On 16 May 1836 Edgar A. Poe and his friend Thomas Cleland filed a marriage bond with the Clerk of the Hustings Court in Richmond, Virginia, in preparation for Poe’s marriage to his cousin Virginia Clemm. Mr Cleland added an affidavit that Virginia was ‘of the full age of twenty-one years’, though she was, in fact, only thirteen. Poe’s marriage to a ‘child bride’ has taken its disproportionate place in the complex legend that has made of Poe’s life a more baroque fiction than the author himself ever created, but the truth of his relationship with Virginia, so far as it can now be ascertained, is best seen later and in its proper context – that of Poe’s life, and the work which Virginia directly inspired. At this point it is sufficient to note that in the spring of 1836 Poe seemed to have within reach two of his most persistent desires: the professional opportunity to put himself ‘before the eye of the world’, and the stable comforts of a well-ordered domestic life, provided not only by Virginia, but by her capable, devoted mother, Mrs Clemm.

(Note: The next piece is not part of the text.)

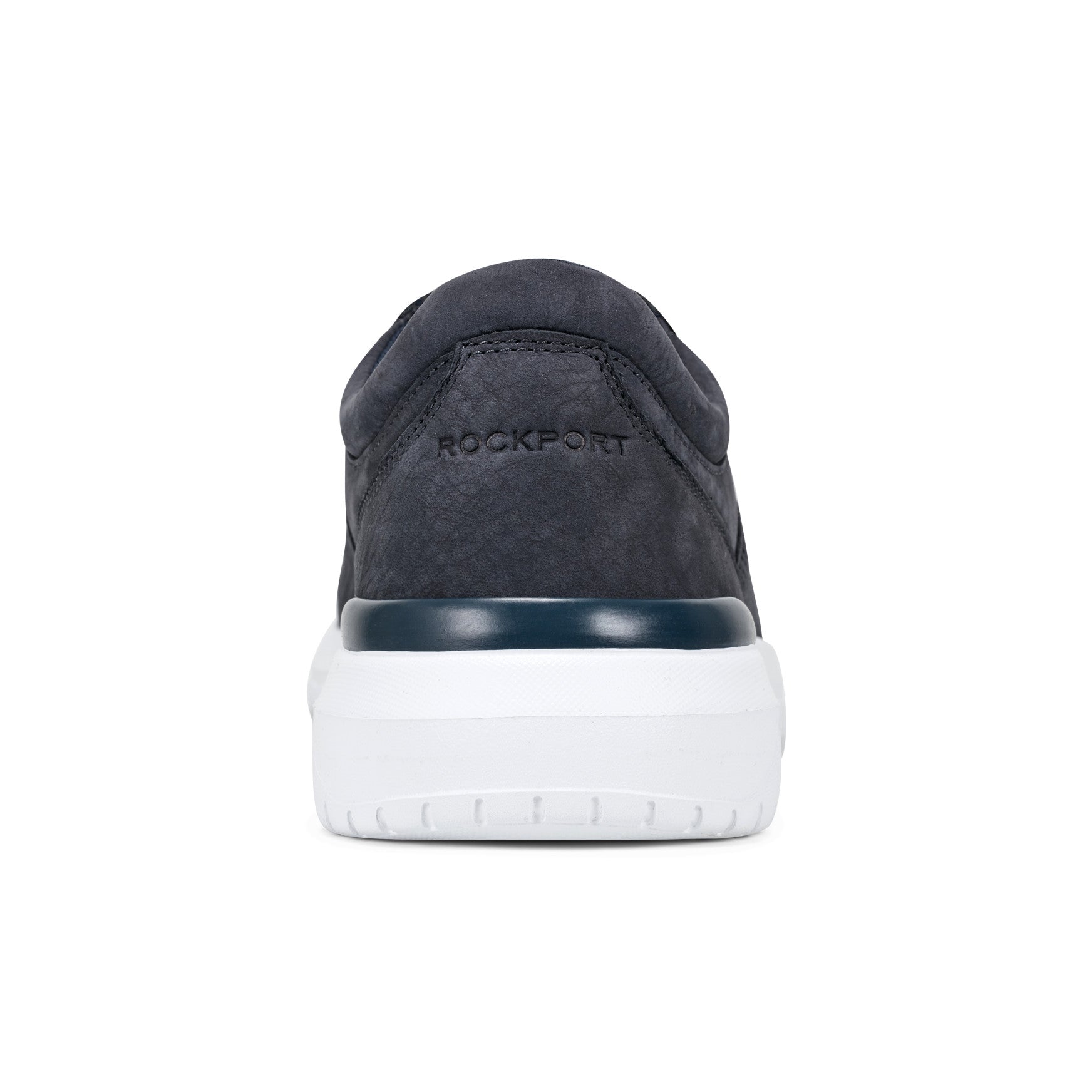 Men's Jaimie Lace-up Sneakers - Dark Blue Leather | Rockport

In December 1835 Poe had become editor of the Southern Literary Messenger, and his fiction, essays and reviews rapidly won the magazine a national audience. Life in a Richmond boarding house, with Poe’s meagre salary supplemented by Mrs Clemm’s industry as a seamstress, may seem a humdrum existence for an aesthetician who so persistently reiterated the principles of Beauty and Ideality, but for Poe as an artist it was a fruitful time, and in comparison with the desperate circumstances in which he had found himself in the years following his discharge from West Point and his appointment as editor of the Messenger, these months in Richmond could hardly have been an unpleasant interlude. Nonetheless, Poe resigned from the Messenger in January 1837, following a disagreement with the owner, T. W. White. White was uneasy about Poe’s ‘intemperance’, and perhaps jealous of his success as an editor; but White was not an unreasonable man, and he seems to have been genuinely fond of Poe. To attribute Poe’s resignation to professional disagreement alone is not sufficient: he was also tempted by the prospect of challenging more directly the literary hegemony of the North. While Richmond was the ‘home’ to which he repeatedly returned, it no doubt evoked baffling and painful memories; and he seems, further, to have been caught by that spirit of restlessness which marked so many periods of his life – one is tempted to use Poe’s own term, ‘perverseness’.

Following his resignation the Southern Literary Messenger began to serialize Poe’s first attempt at a novel, The Narrative of Arthur Gordon Pym, but when Poe submitted a story entitled ‘The Fall of the House of Usher’, White promptly rejected it, for he doubted ‘whether the readers of the Messenger have much relish for tales of the German school’. Poe eventually sold the story to Burton’s Gentleman’s Magazine for a fee of $10. When ‘The Fall of the House of Usher’ appeared in the collected Tales of the Grotesque and Arabesque, Poe’s sole remuneration consisted of a few complimentary copies of the volume; for a later and expanded edition he received payment in the form of twenty copies of the book; but when he subsequently offered the copyright of a two-volume collection of his stories on the same terms, the proposal was immediately rejected. Poe’s brief letter to the Philadelphia publishers, Lea & Blanchard, in which he suggests that ‘you receive all profits, and allow me twenty copies for distribution to friends’, is a pathetic document in the life of a man who, even when greeted with wide popular acclaim, could do little more than maintain a genteel poverty – and often not even that. By one of those ironies which have by now become almost idiomatic to Poe’s life, his six-sentence letter to Lea & Blanchard was auctioned less than a century after his death for $3,000.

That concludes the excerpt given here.